Erntge konnte sich einfach nicht setzen. Nicht im Hafenbecken, als es drin bosporesk spraddelte und auch nicht im Rügener Reihenhaus, als dort drei Brillenträger Antennen aus dem Fenster hielten. Und schon gar nicht beim Frühstückslachs mit der Edelfrau, die sagte, Erntge sei wie Wikipedia. („Nur nicht so schlau.“) Zippel zappel zippel zappel … bang!

Erntgo zwang sich also und schnallte sich am Sofa fest. Die Striemen an den Handgelenken wiesen Erntge den Weg zum angehenden Tatortkommissar. Den verhörte Erntge fachlich, sachlich und wurde nicht schlau.

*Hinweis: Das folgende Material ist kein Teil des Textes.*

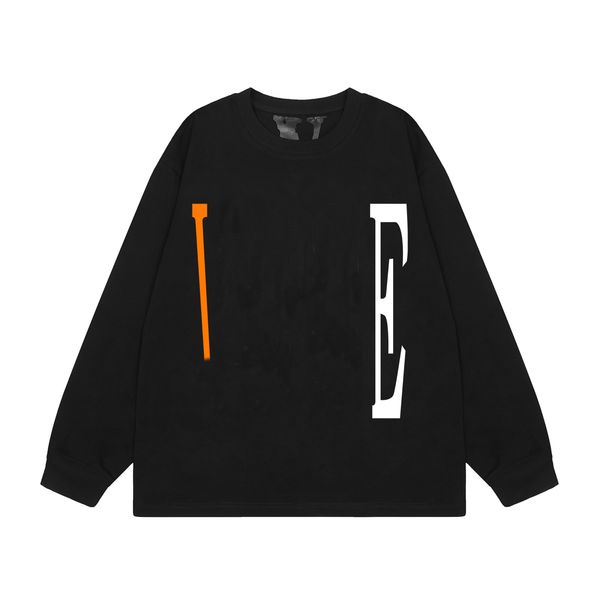 P14 brand Mens hoodies coat designer womens Sweaters Sport Sweatshirt tech fleece hoodys Streetwear Fashion autumn winter jacket Clothing Casual, White
P14 brand Mens hoodies coat designer womens Sweaters Sport Sweatshirt tech fleece hoodys Streetwear Fashion autumn winter jacket Clothing Casual, White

Ein Telegramm wär gut! Eins, auf dem die abschließende Bestzeit oder wenigstens der Name des Gegners steht, gegen den Erntge seit Wochen wettzulaufen scheint. Von dem es kein Gesicht gibt.

Immer diese Momente!

Thursday, August 22nd, 2013

Nach Sonnenuntergang und der gruseligsten aller Gruselgeschichten passiert auf dem Wassertretboot Trampi das Unfassbare: Der schöne Herr brettert atemlos durch Feuerquallen, Sabinen und Sibyllen ans Ziel, das er mit dem gemeinen Brotdosengefährt erreicht. (Wie er sich unter Wasser die Kippe angezündet gekricht hat, weiß Erntge bis heute nicht.) Kurz darauf zieht das Steintor die Süßholzraspel aus der linken hinteren Hosentasche und macht der regenbogenreitenden Lady Komplimente. Der gefällt das natürlich und wie bescheuert post sie mit ihrem Colt. Und ballert dabei vergnügt in die Luft. Und Erntge denkt sich: Herrje! Und ist glücklich und traurig gleichzeitig.

Rekord.

Friday, August 16th, 2013


Ey! Seitlich rückwärts einparken in 19 Zügen!!! …. Das muss Erntge ersma einer nachmachen.